Here, people are lined up with buckets at a clean water station in downtown Port-au-Prince.

Then we went to the food distribution center. When we got there were already crowds waiting, even though we arrived nearly an hour early. We arranged all the bags, with beans, rice, vegetable oil to last a family for 4-6 weeks, and a large bottle of water. Tickets had been handed out to families in need at the clinics last week, and we were expecting 500 families. 

The food distribution was taking place inside of a locked compound, and even though we could control the flow of people into and out of the distribution center things got very chaotic and stressful; people would try to sneak back in to get “seconds”. 



There were far more people waiting outside that we had food supplies for, and we quickly ran out of water, then out of oil. Initially we were also putting the rations in reusable shopping bags (like Lulu lemon, and Walmart ones), but those ran out quickly, so we started using pillow cases, then rice bags, then finally shopping bags, and boxes, and once those ran out we just had to hand people the bags of rice and beans. Once we ran out of oil, people started getting upset, because they were told they would be getting oil. Even though we only handed out tickets for as many food rations as we had, somehow we ended up with 45 people in the compound (many more still outside waiting to get in), and only 15 bags left, so we opened up all the bags and divided the rice and beans into 3 parts, but then people were frustrated that they didn’t get a full ration. It was stressful because you are trying to do a great thing, and yet you feel guilty because there are families of hungry people who have been standing in line, in 35+ degree weather, for hours, and you don’t have food to give them. 


Myself, and a number of other people in the group even handed out our sandwiches and pop that we had for lunch because at least we’d breakfast that day, and we felt guilty eating when we knew how badly these people needed food. Some people were very grateful and thanked you very sincerely when you gave them their rations, but I was amazed at how some people look at you, know you have a lot you could give, and glare at you because all you are giving them is rice and beans. It’s a bizarre feeling. But in reality, the majority were thrilled to get the rations, and was these people I will try to focus on. 
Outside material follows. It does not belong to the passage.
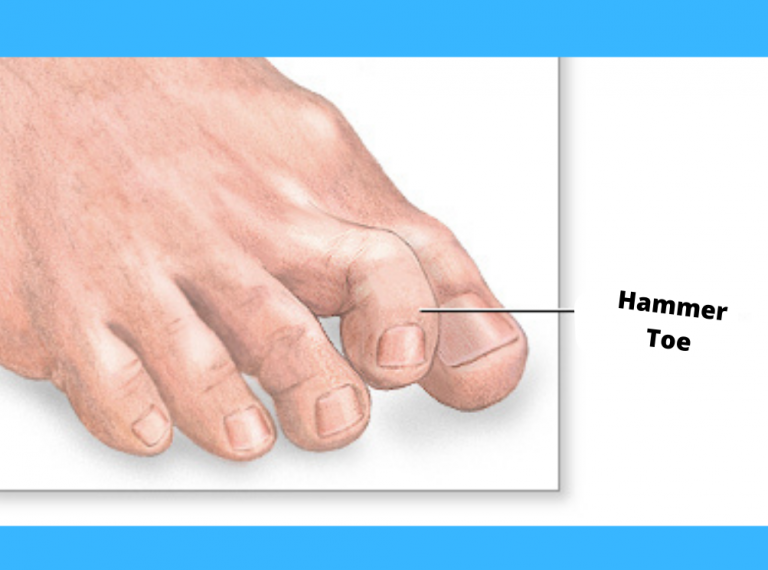 Hammer Toe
After the food distribution we stopped at the mass grave on the way home; it is now covered up, and decorated with many little black wooden crosses, but after the earthquake it was a massive open pit where the put all the unclaimed bodies from the streets of Port-au-Prince. There are somewhere between 250,000 and 300,000 people in the grave. 

 

A lot of the crosses had fallen over, and so we stood them back up and pounded them back into the ground, out of respect. We discovered a lot of black widow spiders on the crosses, which was eerie. 


On the way back to our camp at Cabaret, there was a major accident on the highway between a motorcycle (carrying 3 people) and a a "Tap-tap" (a popular method of local transportation; a pick-up truck, with wooden-crate type back, carrying lots of people, without seat belts). We were one of the very first vehicles on the scene following the accident, and in Haiti they don’t have the services in place to deal with accidents like that properly, even though they happen all the time, and so there were mangled bodies all over the road, and no traffic control and no one had covered up the bodies. It was shocking, to say the least, and difficult to talk about. Many people on our team pretty shaken up from this, and everything else that had happened during the day. We had a quiet night back at camp, and prepared for another day of clinic.